Your objective: Leave out the images and repeat the listing below without a single change.

Dataset:
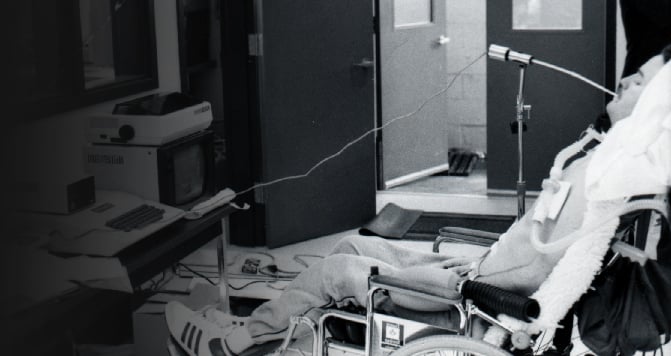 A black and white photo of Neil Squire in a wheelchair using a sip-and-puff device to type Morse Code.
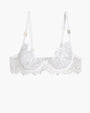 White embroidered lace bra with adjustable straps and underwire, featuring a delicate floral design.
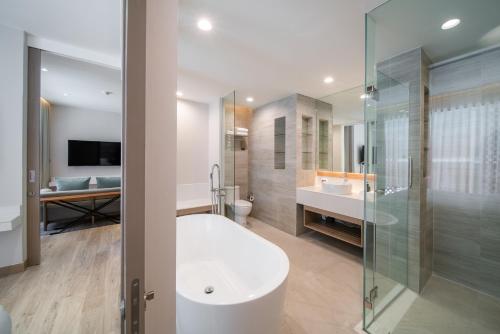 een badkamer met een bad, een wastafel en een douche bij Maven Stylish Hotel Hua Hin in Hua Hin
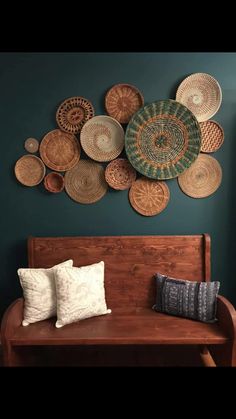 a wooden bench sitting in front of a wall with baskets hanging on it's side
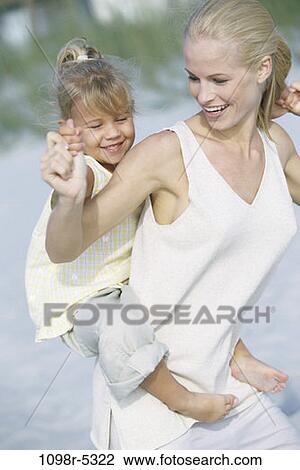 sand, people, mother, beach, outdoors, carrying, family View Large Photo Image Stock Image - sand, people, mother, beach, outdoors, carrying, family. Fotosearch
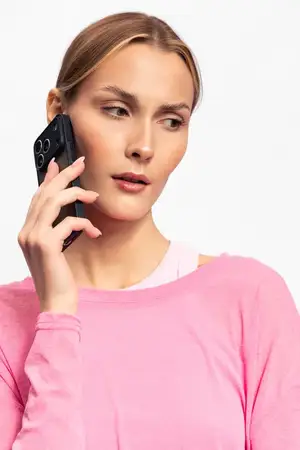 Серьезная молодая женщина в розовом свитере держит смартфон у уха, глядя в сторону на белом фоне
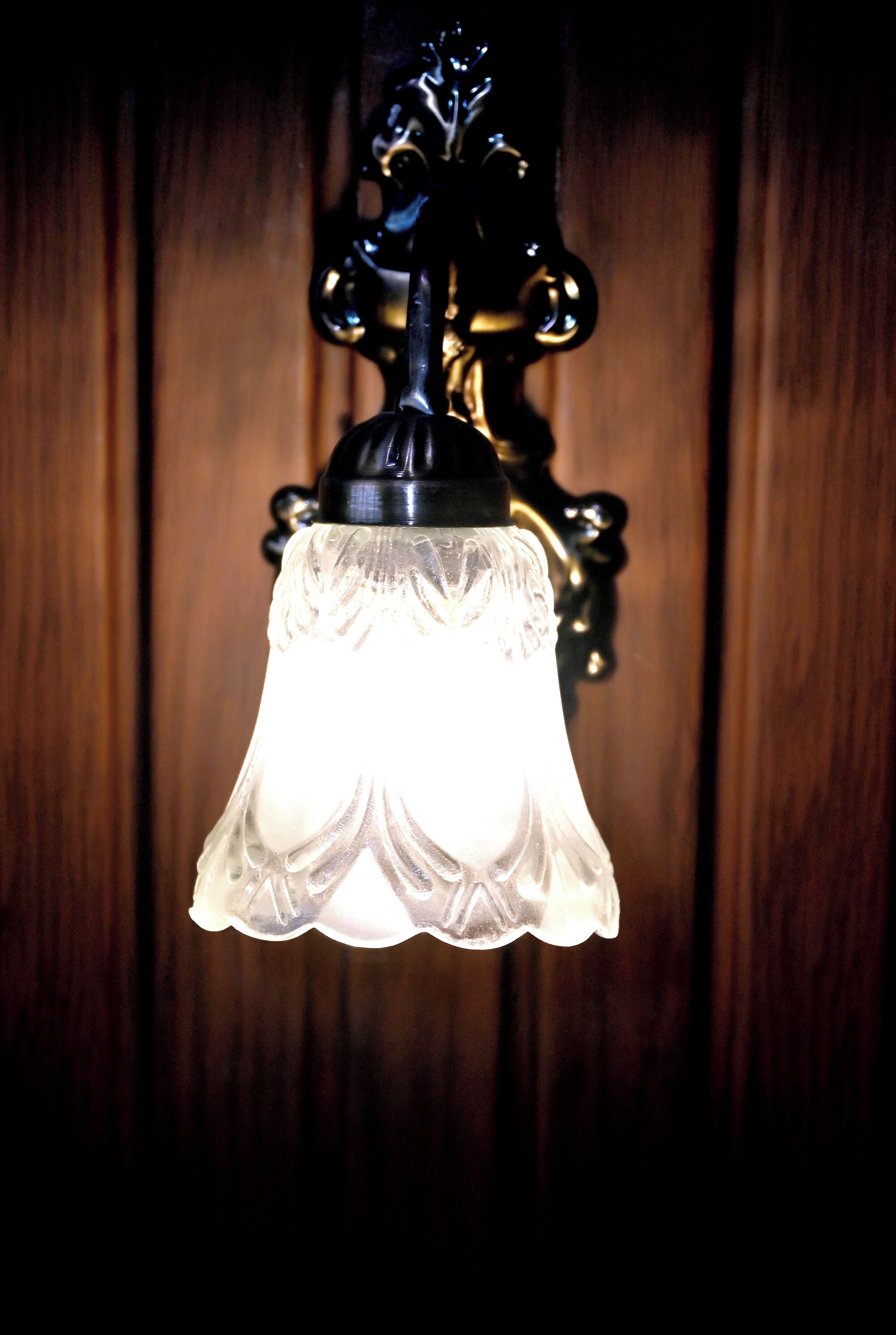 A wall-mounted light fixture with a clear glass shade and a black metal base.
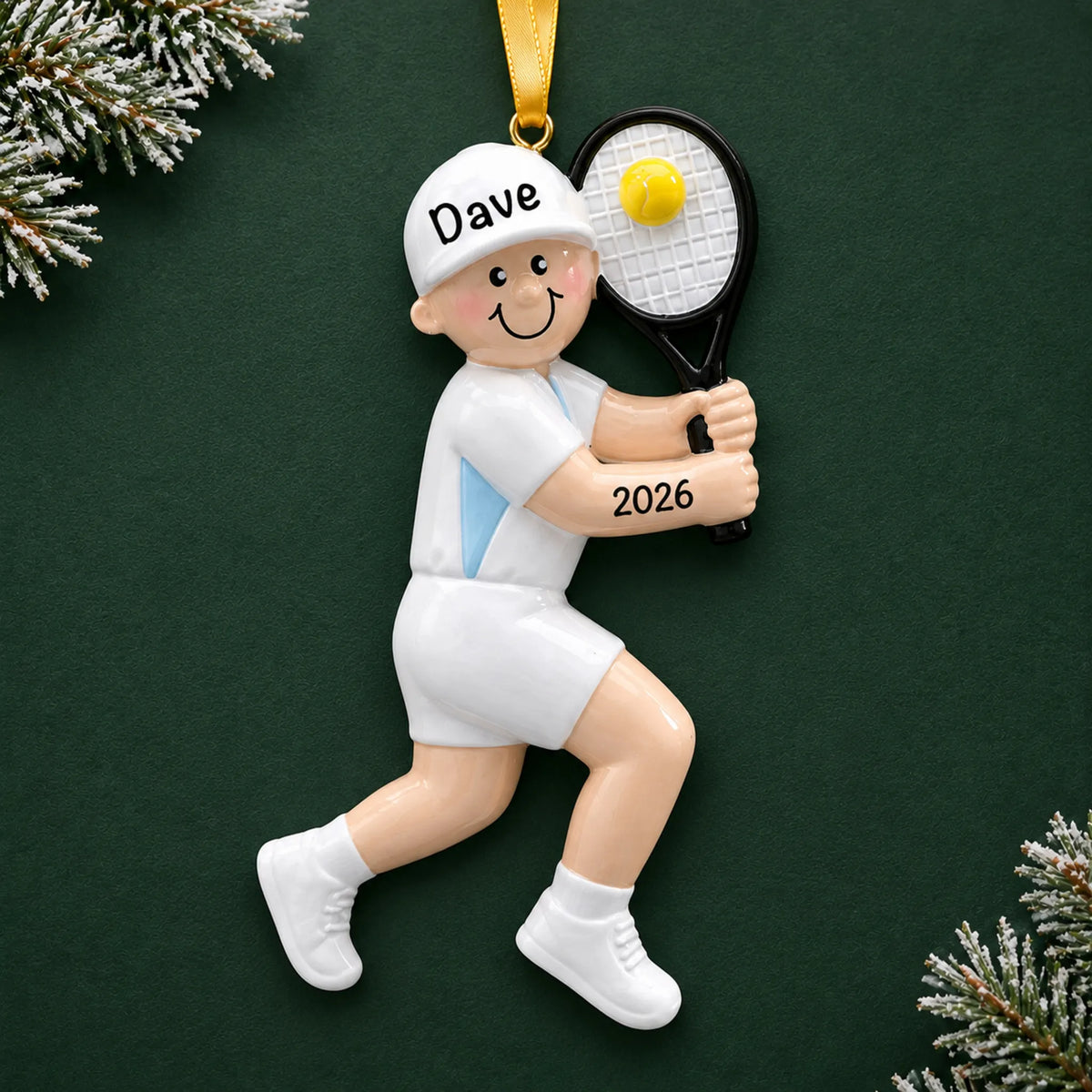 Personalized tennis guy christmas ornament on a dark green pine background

Answer space:
 A black and white photo of Neil Squire in a wheelchair using a sip-and-puff device to type Morse Code.
 White embroidered lace bra with adjustable straps and underwire, featuring a delicate floral design.
 een badkamer met een bad, een wastafel en een douche bij Maven Stylish Hotel Hua Hin in Hua Hin
 a wooden bench sitting in front of a wall with baskets hanging on it's side
 sand, people, mother, beach, outdoors, carrying, family View Large Photo Image Stock Image - sand, people, mother, beach, outdoors, carrying, family. Fotosearch
 Серьезная молодая женщина в розовом свитере держит смартфон у уха, глядя в сторону на белом фоне
 A wall-mounted light fixture with a clear glass shade and a black metal base.
 Personalized tennis guy christmas ornament on a dark green pine background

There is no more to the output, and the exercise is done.